Where do I stand this morning? I worry that many of my students are SO driven by grades and by trying to balance their commitments that they are motivated to reflect and learn more by grades than by almost anything else. They tell me this year after year by saying things like ‘I would do more homework practice if you graded homework regularly’ They say this even after acknowledging that they would learn more and do better if they practiced more regularly. Given this fact (at least I am pretty convinced it is a fact) I want to have a set of classroom practices and policies in place that take advantage of this motivation and reinforces habits in a way that leads to better learning, less stress and, hopefully, better grades so that my students feel a tangible sense of their efforts. I want policies and practices that do not increase stress and put time pressures on me and my students. I want students to feel that there is equity across their classes, not to feel like they lucked into (or were cursed by) certain teachers. I think that some sense of uniformity of expectations is kind of important. I want a coherent set of principles to be visible to my students and their parents, a way to express what I believe is important about our work together.
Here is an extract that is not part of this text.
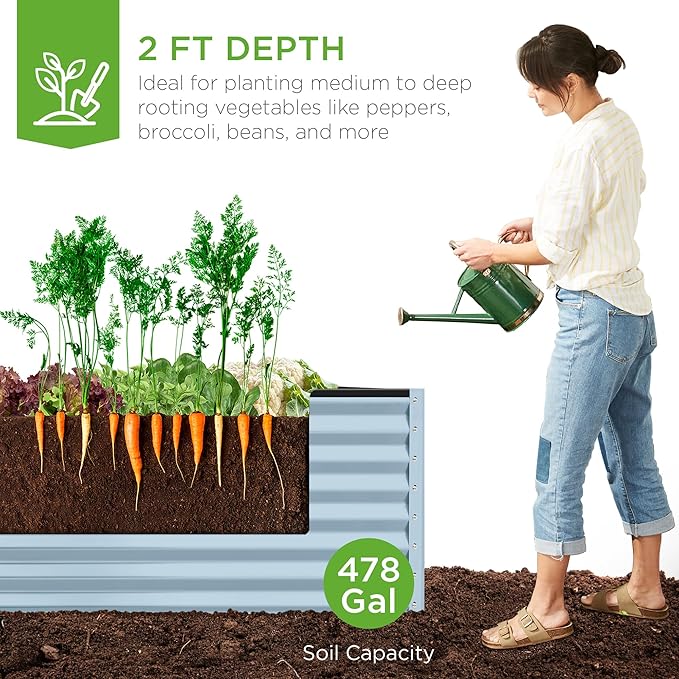 Best Choice Products 8x4x2ft Outdoor Metal Raised Garden Bed, Deep Root Planter Box for Vegetables, Herbs & Flowers, 478-Gallon Capacity, 100% Non Toxic Materials - Mist Blue BestChoiceProducts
This month I start my 33rd year of classroom teaching. At one point in my life I thought I would have figured all of this out already. I suppose the job would be less rich and rewarding if that were true.
A Fun Rabbit Hole
Last week – I know, it’s taken too long to write about this – my Precalculus Honors class started the day with a brief quiz. One of my PCH students named Max finished the quiz early and started sketching on his scrap paper. He showed me a diagram like this:
He described the problem this way – I have a square and a quarter circle coming across it. I also have a circle inscribed in the square. What is the area of these little regions? (I clumsily sketched in those regions on GeoGebra)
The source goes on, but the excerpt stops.